Description
Pineapple Chicken and Rice is a delightful one-pot meal that brings together tender chicken, juicy pineapple, and colorful vegetables in just 30 minutes. This quick recipe makes weeknight dinners effortless while delivering a sweet-savory flavor profile that your family will adore. Perfect for busy evenings, you can customize this dish with different proteins or veggies to suit your family’s preferences. Serve it over fluffy rice for a satisfying meal that everyone will love!
Ingredients
- 1 pound boneless, skinless chicken breast
- 1 cup pineapple chunks (fresh or canned)

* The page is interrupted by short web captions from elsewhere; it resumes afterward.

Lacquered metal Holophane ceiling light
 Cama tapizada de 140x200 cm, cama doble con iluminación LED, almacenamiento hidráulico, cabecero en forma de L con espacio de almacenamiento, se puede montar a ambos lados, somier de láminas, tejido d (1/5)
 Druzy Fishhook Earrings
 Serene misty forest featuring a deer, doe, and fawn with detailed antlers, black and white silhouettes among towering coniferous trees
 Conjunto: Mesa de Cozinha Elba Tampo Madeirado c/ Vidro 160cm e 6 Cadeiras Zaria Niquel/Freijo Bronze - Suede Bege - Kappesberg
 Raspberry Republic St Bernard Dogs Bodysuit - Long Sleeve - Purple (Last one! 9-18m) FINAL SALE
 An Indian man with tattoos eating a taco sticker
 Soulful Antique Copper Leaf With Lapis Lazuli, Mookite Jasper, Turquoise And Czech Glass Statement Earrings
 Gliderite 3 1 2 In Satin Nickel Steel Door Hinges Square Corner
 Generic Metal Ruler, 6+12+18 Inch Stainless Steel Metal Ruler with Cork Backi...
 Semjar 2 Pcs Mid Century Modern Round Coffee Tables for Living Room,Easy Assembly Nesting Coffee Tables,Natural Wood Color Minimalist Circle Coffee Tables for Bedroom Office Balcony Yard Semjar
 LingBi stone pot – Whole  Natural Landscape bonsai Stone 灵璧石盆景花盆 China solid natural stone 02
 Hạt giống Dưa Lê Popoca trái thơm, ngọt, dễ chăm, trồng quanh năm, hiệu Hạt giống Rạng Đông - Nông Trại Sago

- 1/4 cup low-sodium soy sauce
- 1/4 cup pineapple juice
- 2 tablespoons olive oil or sesame oil
- 3 cloves garlic (minced)
- 1 medium red bell pepper (diced)
- 2 cups cooked rice (white, brown, or jasmine)
Instructions
- Prepare the ingredients by cutting the chicken into bite-sized pieces and dicing the red bell pepper.
- In a skillet over medium heat, add olive oil. Once hot, add the chicken pieces and cook until golden brown on all sides (about 5-7 minutes).
- Add minced garlic and diced bell pepper to the skillet; stir and cook for an additional 2-3 minutes until tender.
- In a bowl, mix soy sauce, pineapple juice, and cornstarch until smooth; pour over the chicken mixture.
- Stir in pineapple chunks and simmer for about 5 minutes until slightly thickened.
- Serve the mixture over cooked rice and garnish with sliced green onions.
- Prep Time: 10 minutes
- Cook Time: 20 minutes
- Category: Main
- Method: Stovetop
- Cuisine: Asian-inspired
Nutrition
- Serving Size: 1 cup (250g)
- Calories: 335
- Sugar: 16g
- Sodium: 560mg
- Fat: 8g
- Saturated Fat: 1g
- Unsaturated Fat: 6g
- Trans Fat: 0g
- Carbohydrates: 42g
- Fiber: 2g
- Protein: 26g
- Cholesterol: 70mg
Keywords: For extra veggies, feel free to add snap peas or carrots. Adjust sweetness by modifying the amount of honey or brown sugar based on your taste. To make it gluten-free, substitute soy sauce with tamari.